▸ SUPPLIED MATERIAL
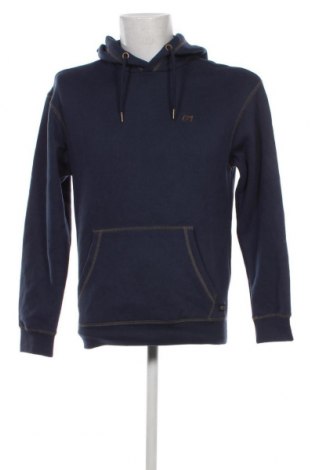 Herren Sweatshirt Blend, Größe M, Farbe Blau, Preis 26,37 €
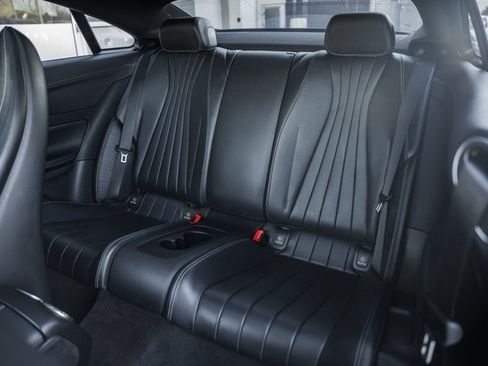 Certified 2023 Mercedes-Benz E 450 4MATIC Coupe image 33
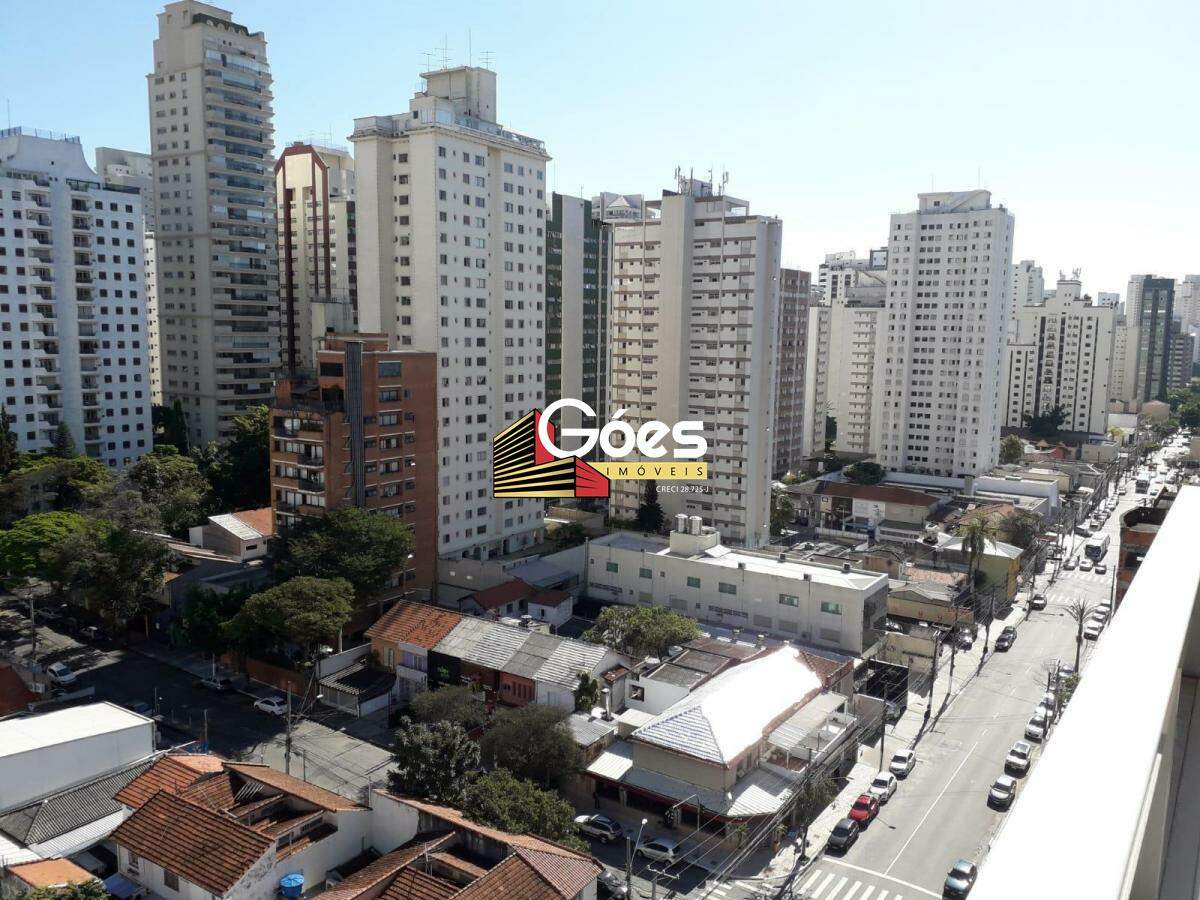 Conjunto Comercial-Sala à venda, 32m² - Foto 4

▸ AIM OF THE EXERCISE
Each line from the one containing "Certified 2023 Mercedes-Benz" through the final line of the data must be reproduced exactly, both ends included, with no pictures in the copy.

▸ TASK RESPONSE
 Certified 2023 Mercedes-Benz E 450 4MATIC Coupe image 33
 Conjunto Comercial-Sala à venda, 32m² - Foto 4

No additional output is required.